Supposedly drives that designed to operate alone, e. g. typical "desktop" drives, presume there is no other way to retrieve the data stored in that bad sector. They will try retrieve data at all costs, repeating again and again, for an extended period of time. Of course, they will also mark that sector as failing, so they will remap it next time you write to it, but you must write for that. Until you rewrite it they will choke each time you read from that place. In a RAID setting this means for the RAID the drive still works and there is no reason to kick it out, but for application the array will slow down to a crawl.

On the other hand, "enterprise" drives, especially "branded" ones, often suppose they are always used in RAID setting. A "brand" controller, seeing "branded" drive, actually might even notify their firmware about RAID presence. So the drive will cease early and report I/O error, even if it was possible to do several more attempts and read the sector. Then the controller has the chance to reply faster, mirroring read instruction to a sibling drive (and kicking bad one out of array). When you pull out and explore/test that kicked drive thoroughly you find no apparent problems — is was just slowed down for a moment and that was enough to stop using it, according to a controller logic.

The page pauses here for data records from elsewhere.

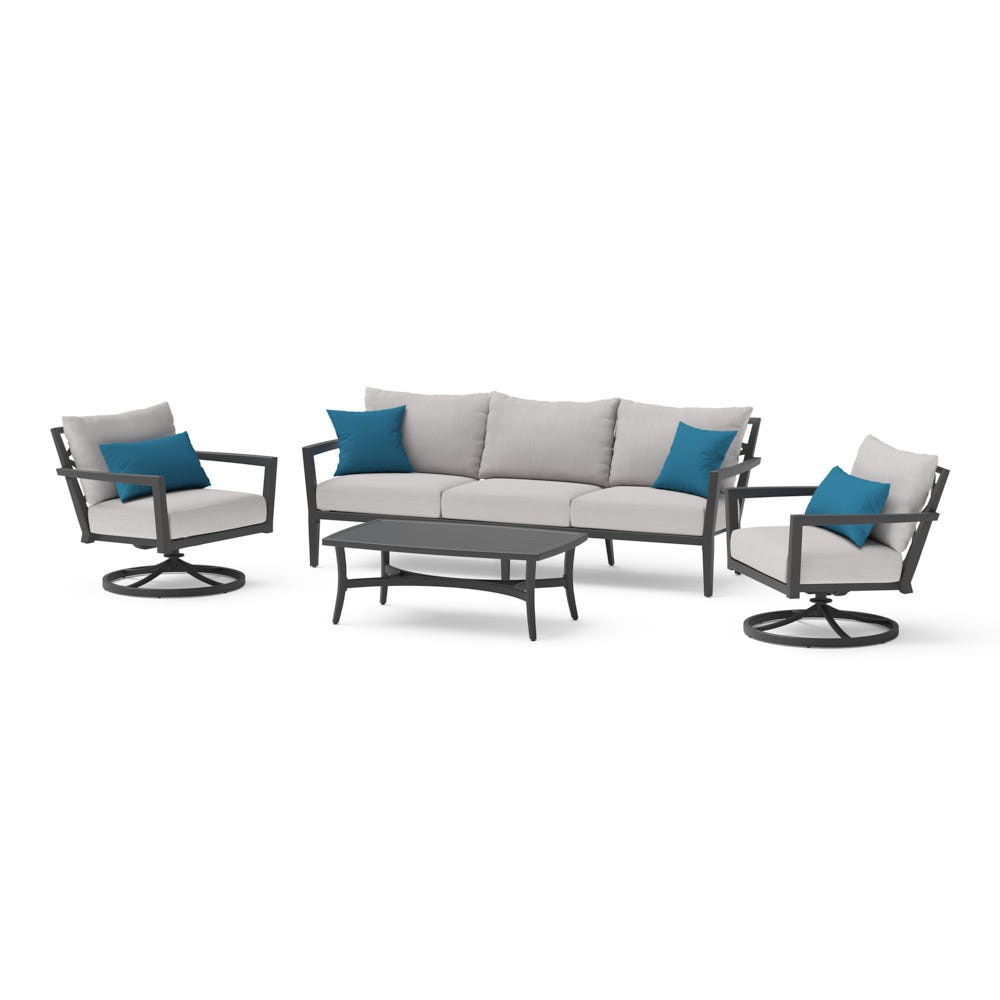 Venetia™ 4 Piece Sunbrella® Outdoor Motion Seating Set - Gray
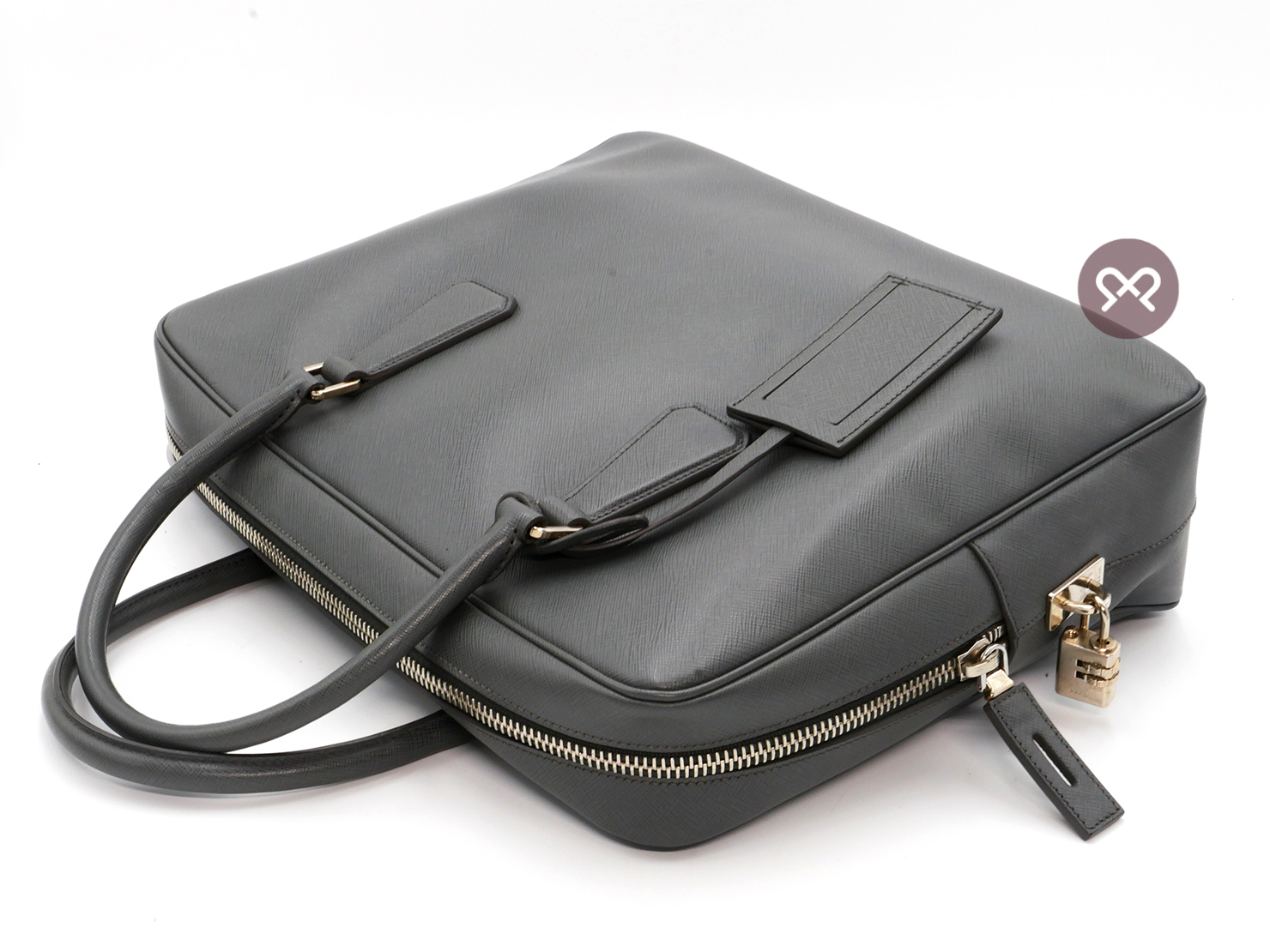 Prada Grey Saffiano Leather Zip-Top Briefcase Luggage Business Bag - Image 5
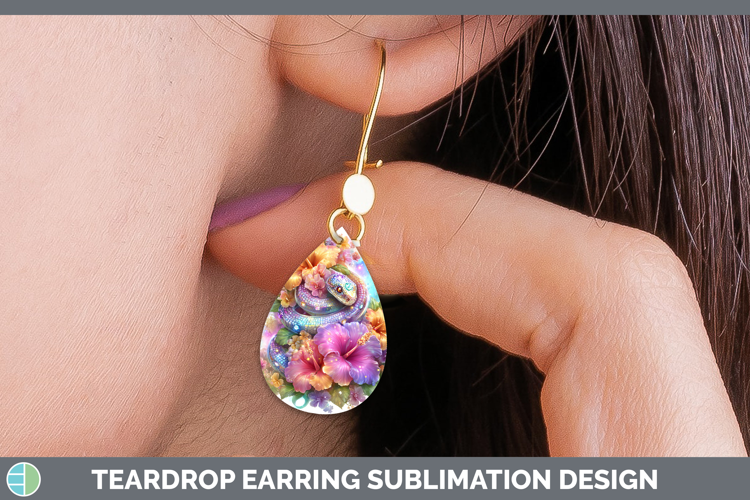 Best Sellers 05 Rainbow Summer Snake Teardrop Earrings Subli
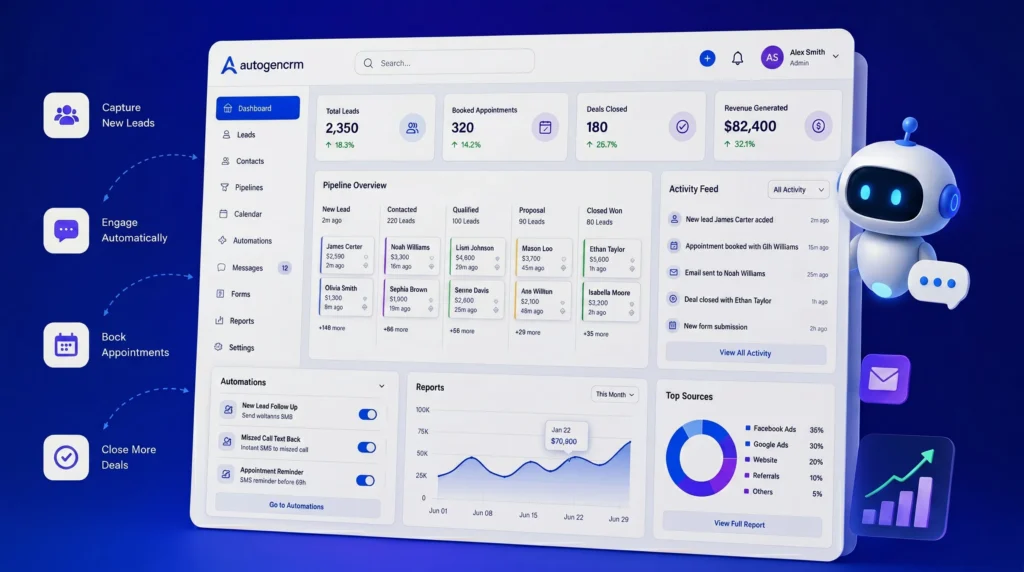 GoHighLevel CRM dashboard with marketing analytics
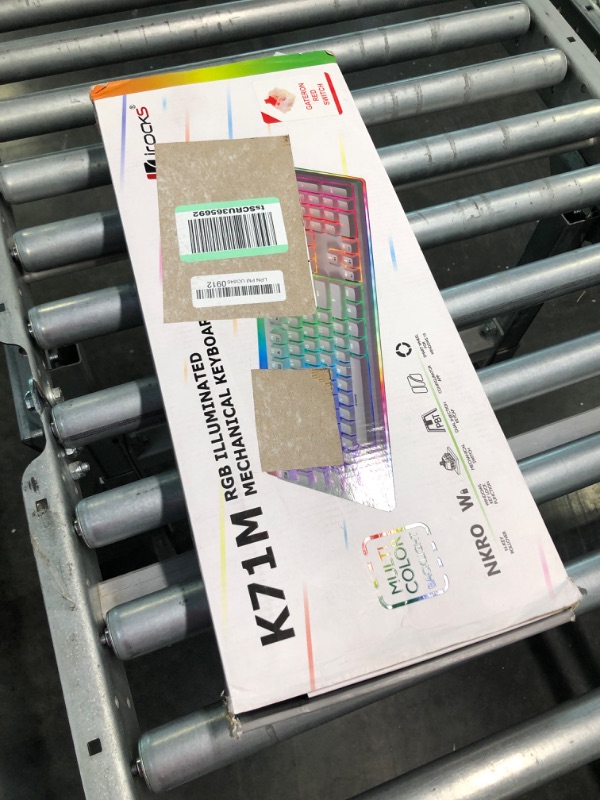 Photo 1 of i-rocks K71M RGB Mechanical Gaming Keyboard with Media Control Knob, Gateron Switches (Red), 104 Keys w/Full NKRO, PBT Keycaps, Multimedia Hotkeys, Detachable USB-C Cable and Onboard Storage, White Gateron Switches (Red) White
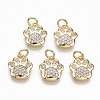 Brass Micro Pave Clear Cubic Zirconia Charms X-RJEW-T063-38G-NF-1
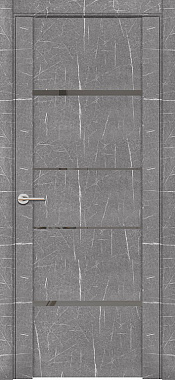 Межкомнатная дверь Uberture UniLine Mramor 30039/1 Marable Soft Touch Торос Серый Экошпон 900х2000мм остеклённая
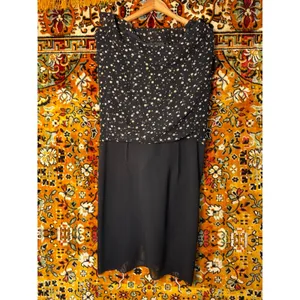Vintage 100% Silk Black Cream Polka Dot Flutter Sleeve Midi Dress Size 8 thumbnail 9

I speculate this may be the only difference between "desktop" drives and "branded"/"enterprise" NL-SAS and SATA ones. This is probably why you pay three times more when you buy "HPE" drive which was actually made by Toshiba, in comparison to buying the "Toshiba"-branded one.


However, some drives do support some generic controls of this. It is called SCT ERC which shands for SMART Command Transport Error Recovery Control. This is how it looks in smartctl:

unsupported

# smartctl --all /dev/sda
=== START OF READ SMART DATA SECTION ===
SCT capabilities:              (0x3037) SCT Status supported.
                                        SCT Feature Control supported.
                                        SCT Data Table supported.

supported

=== START OF READ SMART DATA SECTION ===
...
SCT capabilities:              (0x003d) SCT Status supported.
                                        SCT Error Recovery Control supported.
                                        SCT Feature Control supported.
                                        SCT Data Table supported.

If you lucky, you can control this feauture with smartctl. You may retrieve or set two timeouts, how long to try to re-read and how long to try to re-write:

# smartctl -l scterc /dev/sda
SCT Error Recovery Control:
           Read:     70 (7.0 seconds)
          Write:     70 (7.0 seconds)

# smartctl -l scterc /dev/sde
SCT Error Recovery Control:
           Read: Disabled
          Write: Disabled

# smartctl -l scterc /dev/sdd
Warning: device does not support SCT Error Recovery Control command
smartctl -l scterc,120,60 /dev/sde

Which means: 120 tenths of a second to retry read; 60 tenths of a second to retry write. Zero means "retry until you die". Different drives have different default settings for this.

So, if you use "RAID edition" drive alone, better set ERC timeouts to zero, or you may lose data. On the other hand, if you use drives in RAID, better set some reasonable low non-zero setting.

Source by amarao @ Habrahabr, in Russian.

P.S. And a note about SAS. Use sdparm, it supports more controls of this.


I've had situations where a disk has failed to work, but has taken out the controller in some way.

Historically this was possible with PATA, where the master and slave drives were on the same cable, and one drive failing could interfere with access to the other still-good drive. Removing the bad drive could reenable access to the remaining drive, or it may need a power-cycle but the raid could come up degraded and then recovery could start.

SATA is less vulnerable to this, but its still possible for the controller to be affected. From my experience of software raids, there is more of the gory innards exposed that would be hidden by a fancier dedicated raid controller.

I've not experienced this with SAS or NVME, but SAS often means hardware raid controllers that have more disk-handling smarts internally.